• _Task brief_
The full set of lines below has to be duplicated exactly, with no picture kept.

• _Records supplied_
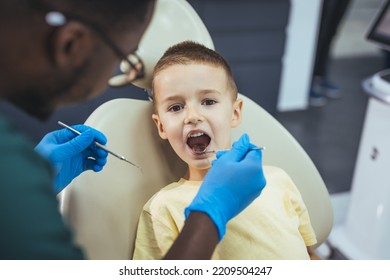 Little Boy Having Regular Dental Check-up. Cute Boy Smiling While Teeth Exam . Happy Boy Sitting In Dentists Chair And Having Check Up Teeth. Portrait Of Smiling Little Boy Sitting In Dental Chair 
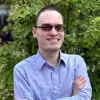 Smiling man with glasses wearing a light blue shirt standing outdoors in front of greenery.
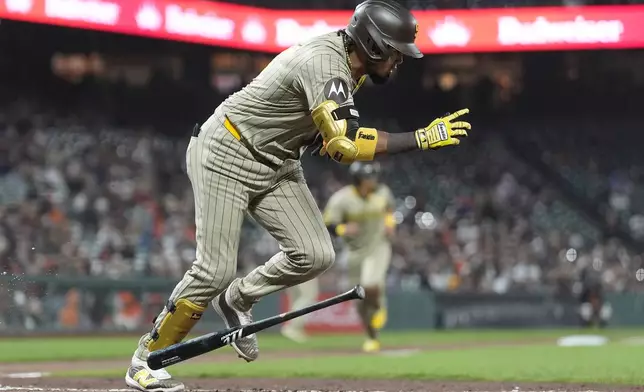 San Diego Padres' Luis Arraez runs to first base on his RBI single during the sixth inning of a baseball game against the San Francisco Giants in San Francisco, Saturday, Sept. 14, 2024. (AP Photo/Jeff Chiu)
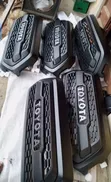 Complete Front Bumper & Grill for Toyota Camry/Tacoma - 2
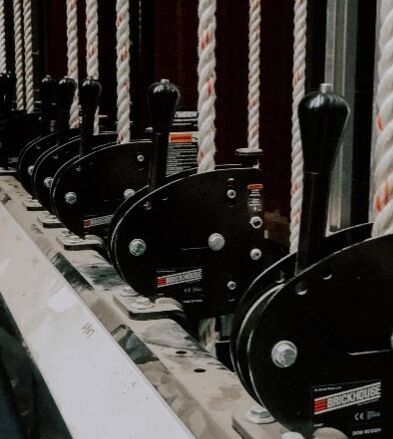 image of black rope locking devices in a backstage theater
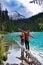 Majestic mountain lake in Canada. Upper Joffre Lake Trail View, couple visit Joffre Lakes Provincial Park - Middle Lake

• _Output for this task_
 Little Boy Having Regular Dental Check-up. Cute Boy Smiling While Teeth Exam . Happy Boy Sitting In Dentists Chair And Having Check Up Teeth. Portrait Of Smiling Little Boy Sitting In Dental Chair 
 Smiling man with glasses wearing a light blue shirt standing outdoors in front of greenery.
 San Diego Padres' Luis Arraez runs to first base on his RBI single during the sixth inning of a baseball game against the San Francisco Giants in San Francisco, Saturday, Sept. 14, 2024. (AP Photo/Jeff Chiu)
 Complete Front Bumper & Grill for Toyota Camry/Tacoma - 2
 image of black rope locking devices in a backstage theater
 Majestic mountain lake in Canada. Upper Joffre Lake Trail View, couple visit Joffre Lakes Provincial Park - Middle Lake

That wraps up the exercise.